UPDATE: Jamaica buys back US$1.2b of foreign debt, new bond oversubscribed
The Jamaican Government paid US$1.2 billion to repurchase a portion of its foreign debt this week, a transaction that is expected to lead to billions of dollars in savings annually on interest payments.
The take-up of the buyback offer was about a third of the US$3 billion of bonds tendered by the Jamaican government.
Separately, Jamaica floated a new bond – subscriptions for which investment company VM Wealth said totalled US$815 million. Both transactions formed part of a refinancing plan aimed at replacing expensive external bonds with cheaper debt.
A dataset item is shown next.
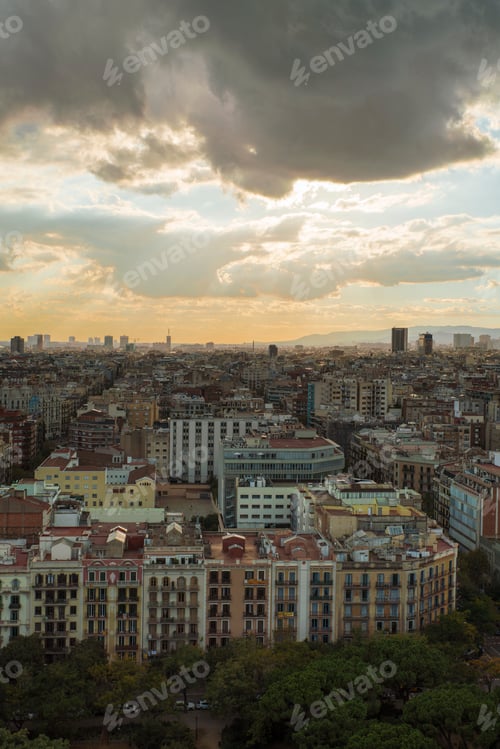 Preview: Spain, Catalonia, Barcelona, Cityscape under cloudy sky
The new bond was offered at a lower coupon rate of 7.87 per cent with a yield of some 5.8 per cent and longer maturity period to 2045, according to indicative prospectus from the Government of Jamaica issued on Wednesday, September 11.
Finance Minister Nigel Clarke said he would speak later about the transaction.
Devon Barrett, group chief investment officer for VM Group, said the bond offer received more than US$3 billion of subscriptions, but the Government only took up US$815 million.
Jamaica paid market value of nearly US$1.2 billion for notes from investors that had a par value of just under US$970 million. The premium payout will still represent savings over time for the Government, which wants to get expensive debt with shorter maturities out of the market.
“At the end of the day, we had a reduction of overall debt,” he said, explaining that Jamaica bought back US$970 million in old notes and issued US$815 million of new debt. “So effectively, the Government reduced its debt book by nearly US$155 million,” he said.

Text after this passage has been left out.